**DIRECTIONS FOR THIS TASK:**
The data should be restated word for word, in full.

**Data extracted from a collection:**
——————

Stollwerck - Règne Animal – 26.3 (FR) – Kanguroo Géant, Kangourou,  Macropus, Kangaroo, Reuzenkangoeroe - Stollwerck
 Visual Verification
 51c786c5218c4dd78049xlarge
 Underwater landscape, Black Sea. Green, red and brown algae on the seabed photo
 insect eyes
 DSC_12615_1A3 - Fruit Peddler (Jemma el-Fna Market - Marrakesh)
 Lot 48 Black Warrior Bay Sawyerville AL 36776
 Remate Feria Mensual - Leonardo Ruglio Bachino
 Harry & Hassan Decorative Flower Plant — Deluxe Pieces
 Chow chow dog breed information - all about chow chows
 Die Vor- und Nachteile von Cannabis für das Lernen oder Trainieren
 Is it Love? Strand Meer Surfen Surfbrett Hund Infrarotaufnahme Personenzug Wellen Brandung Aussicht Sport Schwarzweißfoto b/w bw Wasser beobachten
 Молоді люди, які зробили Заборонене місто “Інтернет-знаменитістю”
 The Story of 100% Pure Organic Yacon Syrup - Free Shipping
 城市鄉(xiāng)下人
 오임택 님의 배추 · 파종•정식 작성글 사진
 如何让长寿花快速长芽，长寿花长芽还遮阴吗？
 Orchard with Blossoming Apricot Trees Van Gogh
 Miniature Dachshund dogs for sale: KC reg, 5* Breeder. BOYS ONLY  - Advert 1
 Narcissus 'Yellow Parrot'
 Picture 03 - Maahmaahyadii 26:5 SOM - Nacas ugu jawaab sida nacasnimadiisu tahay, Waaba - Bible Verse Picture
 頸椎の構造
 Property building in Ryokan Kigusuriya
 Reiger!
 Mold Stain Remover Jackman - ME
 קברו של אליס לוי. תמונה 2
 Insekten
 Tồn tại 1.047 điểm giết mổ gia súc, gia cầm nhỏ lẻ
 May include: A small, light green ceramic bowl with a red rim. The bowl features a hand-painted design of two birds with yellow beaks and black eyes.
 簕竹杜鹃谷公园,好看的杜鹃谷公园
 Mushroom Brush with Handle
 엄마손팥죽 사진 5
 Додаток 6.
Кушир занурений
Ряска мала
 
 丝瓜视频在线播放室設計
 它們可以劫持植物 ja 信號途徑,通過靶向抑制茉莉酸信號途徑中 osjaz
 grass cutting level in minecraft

——————

**RESPONSE:**
Stollwerck - Règne Animal – 26.3 (FR) – Kanguroo Géant, Kangourou,  Macropus, Kangaroo, Reuzenkangoeroe - Stollwerck
 Visual Verification
 51c786c5218c4dd78049xlarge
 Underwater landscape, Black Sea. Green, red and brown algae on the seabed photo
 insect eyes
 DSC_12615_1A3 - Fruit Peddler (Jemma el-Fna Market - Marrakesh)
 Lot 48 Black Warrior Bay Sawyerville AL 36776
 Remate Feria Mensual - Leonardo Ruglio Bachino
 Harry & Hassan Decorative Flower Plant — Deluxe Pieces
 Chow chow dog breed information - all about chow chows
 Die Vor- und Nachteile von Cannabis für das Lernen oder Trainieren
 Is it Love? Strand Meer Surfen Surfbrett Hund Infrarotaufnahme Personenzug Wellen Brandung Aussicht Sport Schwarzweißfoto b/w bw Wasser beobachten
 Молоді люди, які зробили Заборонене місто “Інтернет-знаменитістю”
 The Story of 100% Pure Organic Yacon Syrup - Free Shipping
 城市鄉(xiāng)下人
 오임택 님의 배추 · 파종•정식 작성글 사진
 如何让长寿花快速长芽，长寿花长芽还遮阴吗？
 Orchard with Blossoming Apricot Trees Van Gogh
 Miniature Dachshund dogs for sale: KC reg, 5* Breeder. BOYS ONLY  - Advert 1
 Narcissus 'Yellow Parrot'
 Picture 03 - Maahmaahyadii 26:5 SOM - Nacas ugu jawaab sida nacasnimadiisu tahay, Waaba - Bible Verse Picture
 頸椎の構造
 Property building in Ryokan Kigusuriya
 Reiger!
 Mold Stain Remover Jackman - ME
 קברו של אליס לוי. תמונה 2
 Insekten
 Tồn tại 1.047 điểm giết mổ gia súc, gia cầm nhỏ lẻ
 May include: A small, light green ceramic bowl with a red rim. The bowl features a hand-painted design of two birds with yellow beaks and black eyes.
 簕竹杜鹃谷公园,好看的杜鹃谷公园
 Mushroom Brush with Handle
 엄마손팥죽 사진 5
 Додаток 6.
Кушир занурений
Ряска мала
 
 丝瓜视频在线播放室設計
 它們可以劫持植物 ja 信號途徑,通過靶向抑制茉莉酸信號途徑中 osjaz
 grass cutting level in minecraft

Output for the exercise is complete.